Dataset extract Start Marker

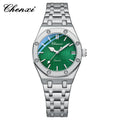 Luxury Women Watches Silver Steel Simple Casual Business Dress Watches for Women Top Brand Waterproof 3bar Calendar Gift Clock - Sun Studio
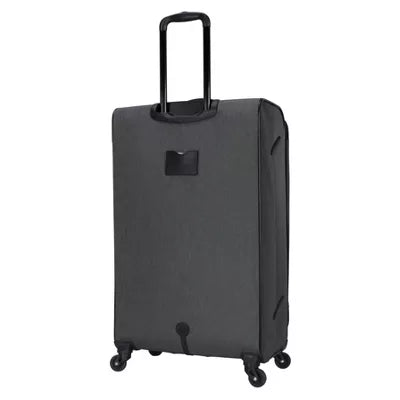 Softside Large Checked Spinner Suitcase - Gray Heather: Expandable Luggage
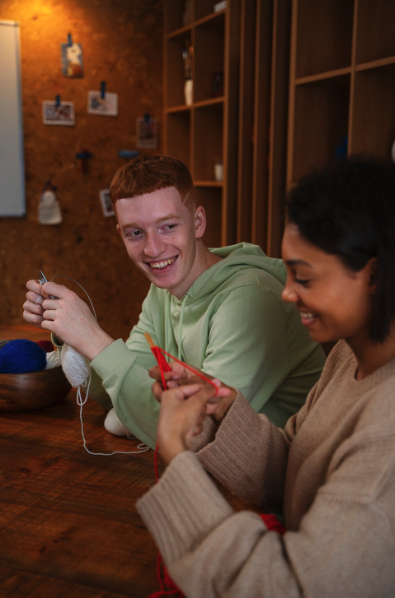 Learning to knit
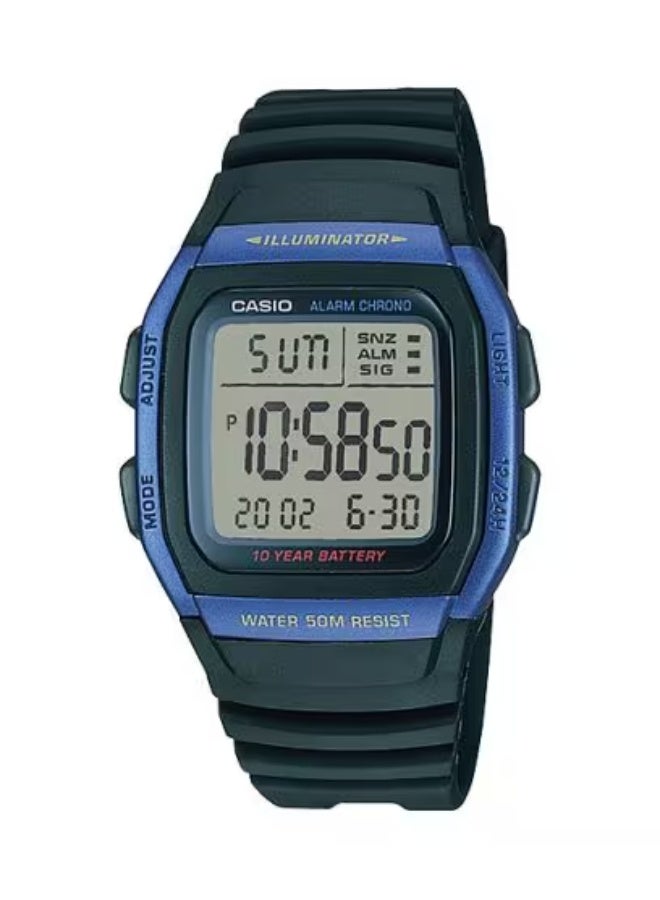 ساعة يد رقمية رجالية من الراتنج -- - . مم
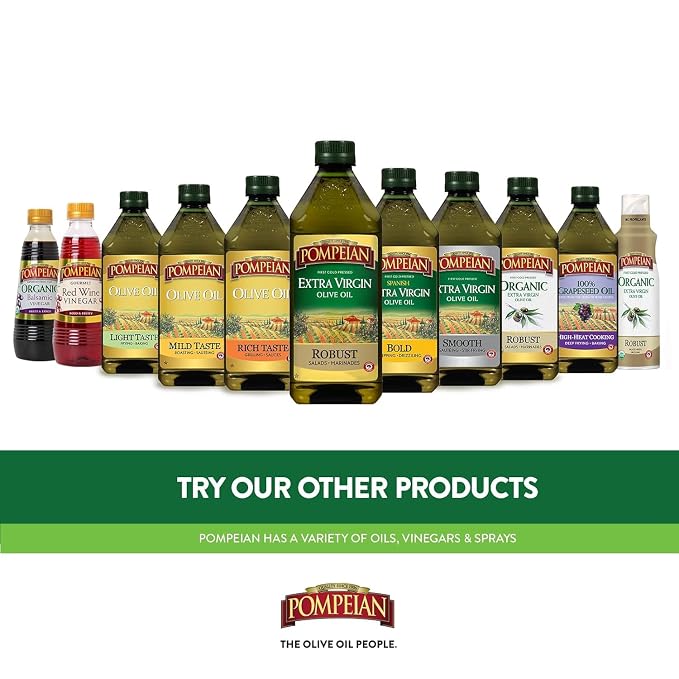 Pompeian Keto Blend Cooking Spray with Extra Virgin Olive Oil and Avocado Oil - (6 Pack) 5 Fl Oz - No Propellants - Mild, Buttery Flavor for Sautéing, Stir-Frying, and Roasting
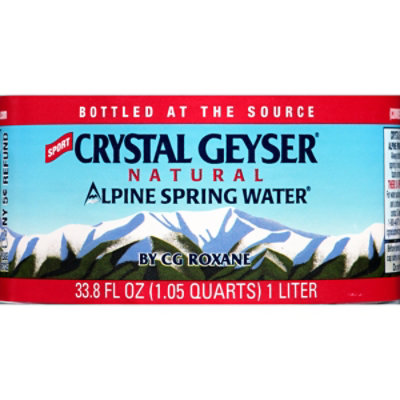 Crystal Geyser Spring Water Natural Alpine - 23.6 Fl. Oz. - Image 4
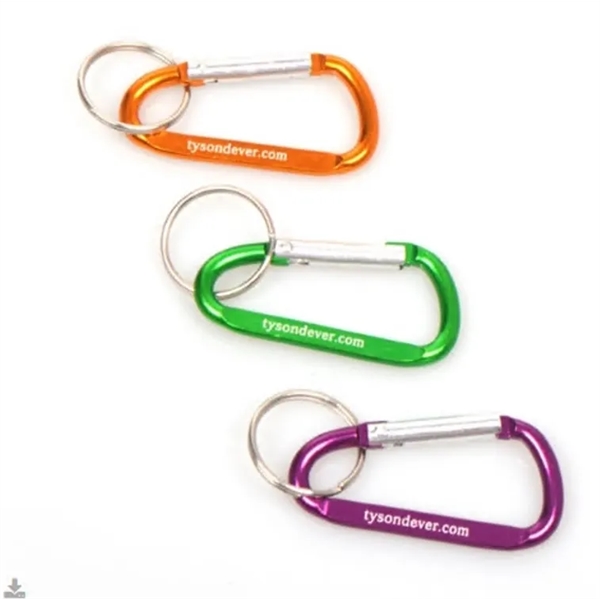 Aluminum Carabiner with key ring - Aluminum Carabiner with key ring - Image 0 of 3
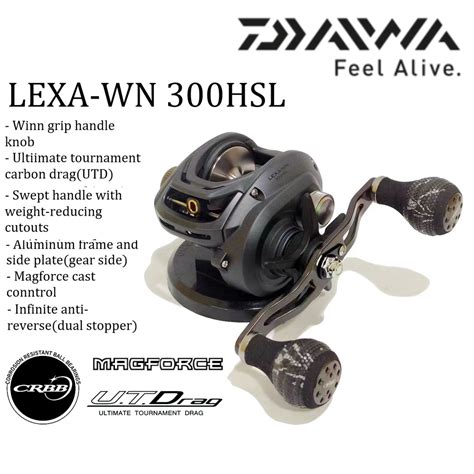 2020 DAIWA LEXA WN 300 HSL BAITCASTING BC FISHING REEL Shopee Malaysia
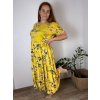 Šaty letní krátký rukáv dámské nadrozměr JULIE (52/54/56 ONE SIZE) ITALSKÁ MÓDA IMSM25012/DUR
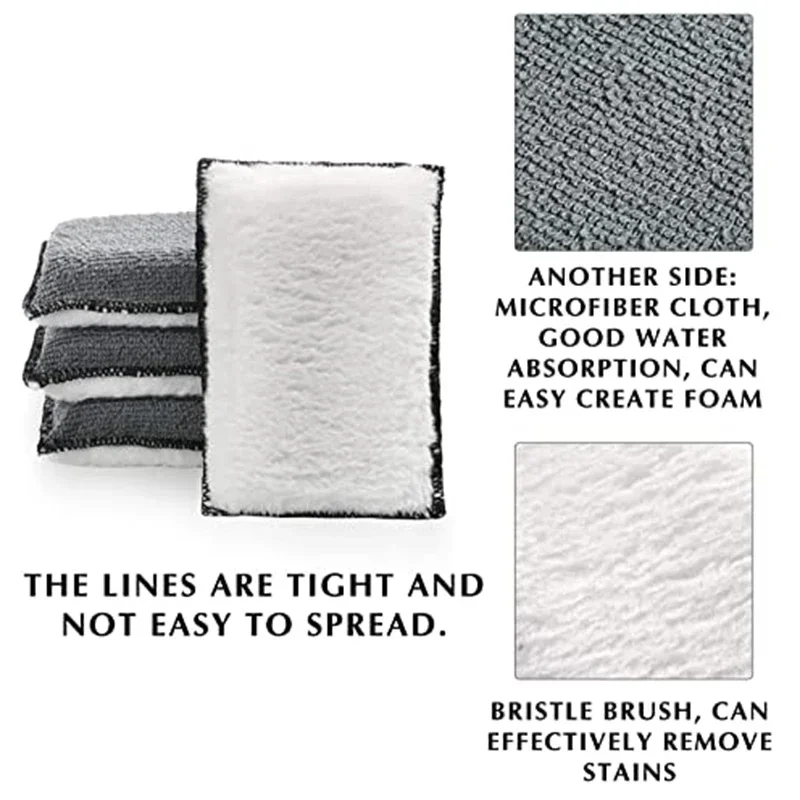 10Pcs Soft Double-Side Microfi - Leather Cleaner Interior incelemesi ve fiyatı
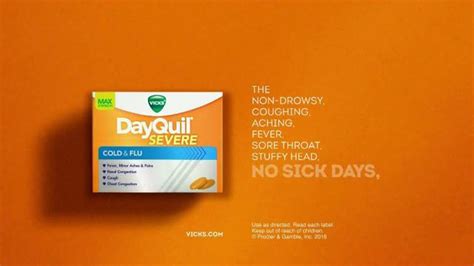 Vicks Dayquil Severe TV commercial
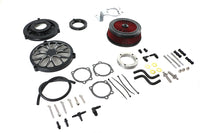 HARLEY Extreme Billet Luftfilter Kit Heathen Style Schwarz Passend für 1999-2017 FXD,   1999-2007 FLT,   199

Dataset extract End Marker

Your assignment: Write out a verbatim copy of the lines from the line that contains "10Pcs Soft Double-Side" through the end of the entries above; pictures are not copied.

Result:
 10Pcs Soft Double-Side Microfi - Leather Cleaner Interior incelemesi ve fiyatı
 Vicks Dayquil Severe TV commercial
 HARLEY Extreme Billet Luftfilter Kit Heathen Style Schwarz Passend für 1999-2017 FXD,   1999-2007 FLT,   199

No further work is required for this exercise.